The voice on the message was that of an older lady, and she was not happy.
"You have hyphenated the word reach in the first paragraph of a story on your front page. Does your newspaper still have any proofreaders?"
Of course I called her back. The grammar and usage complaints are forwarded to me—usually accompanied by the question "Do you still have copy editors at your paper?" or "Have any of your editors been to college?"—and I dutifully respond to all of them.
I explained to the lady that she was absolutely right, that the computer program that does our typesetting sometimes hyphenates words inappropriately, and that though we do proofread we had missed an obvious error. It doesn't do to attempt to evade responsibility.
She was not unkind, particularly after I explained that I had delayed responding to her because I had taken time off to see my new grandchild in Chicago, but she was firm. She had been the editor of her high school newspaper, and that had trained her to be a careful and scrupulous reader. She noticed things in her reading.

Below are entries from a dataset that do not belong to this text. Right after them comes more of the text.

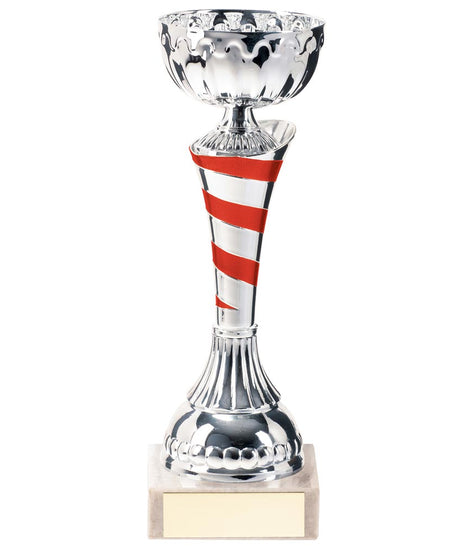 Eternity Cup Silver & Red-TR20311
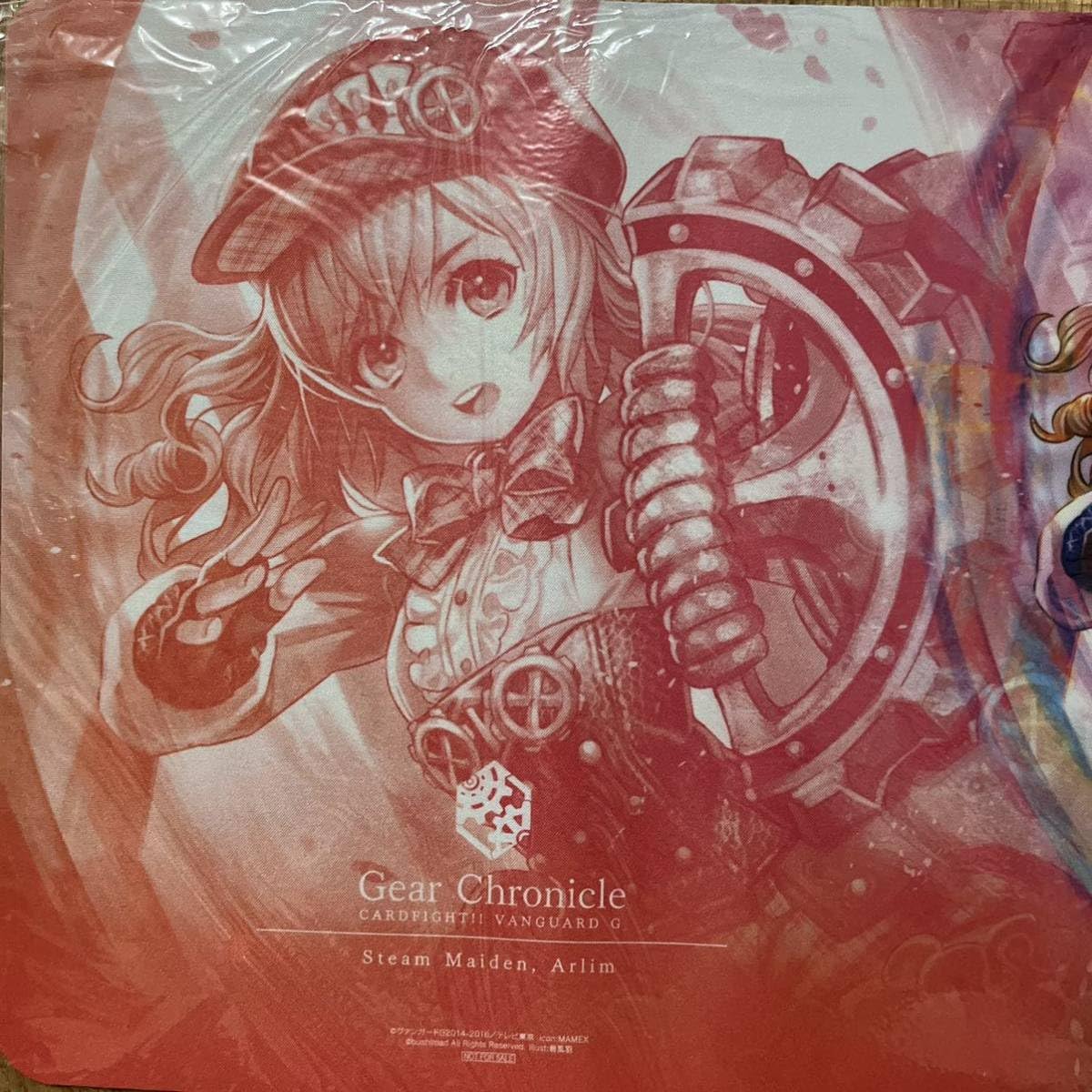 ヴァンガード 御薬袋ミレイ プレイマット ラバーマット ちほうカップ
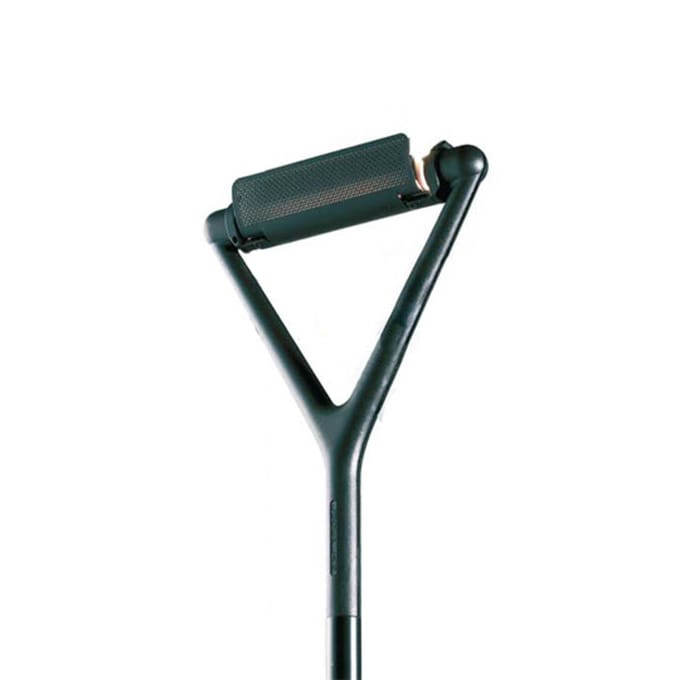 Luceplan Zwarte vloerlamp Lola met dimmer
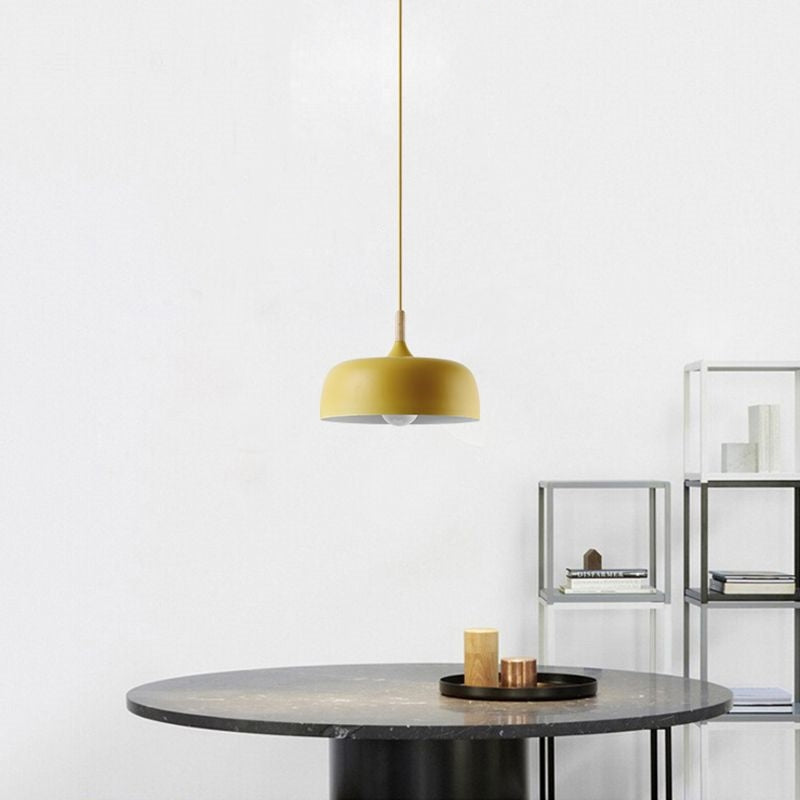 Lunara Pendant Light | Stylish Lighting in 5 Colors, 2 Sizes | Dufsel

All in all, it was a civil, even pleasant, conversation, but she started me thinking.
When she came to that error at the very beginning of the article, she had stopped. She had not immediately recognized the word as hyphenated and had to take a moment to puzzle it out. And she called the paper to complain about the error, and some relieved soul on the city desk had put her onto me.
But what she did not say was whether she had read the rest of the article.
What many publications, including now the august New York Times, have concluded is that the sort of details that have mattered to copy editors do not matter to readers: typographical errors, minor lapses or inconsistencies in grammar and usage, petty obstacles to understanding. No big thing. But the lady who took the trouble to call The Sun had stopped, distracted.
Here's the thing. It does not take much to distract a reader: what P.G. Wodehouse called "a great slab of prose at the start," an obvious solecism, an inconsistency, any of the things that copy editors look for that might break a reader's concentration, because, once broken, that concentration may not return to the article at hand.
Losing the reader is one of the things we used to be employed to prevent, along with plagiarism, fabrication, libel, and utter folly. So go bare. See what it gets you.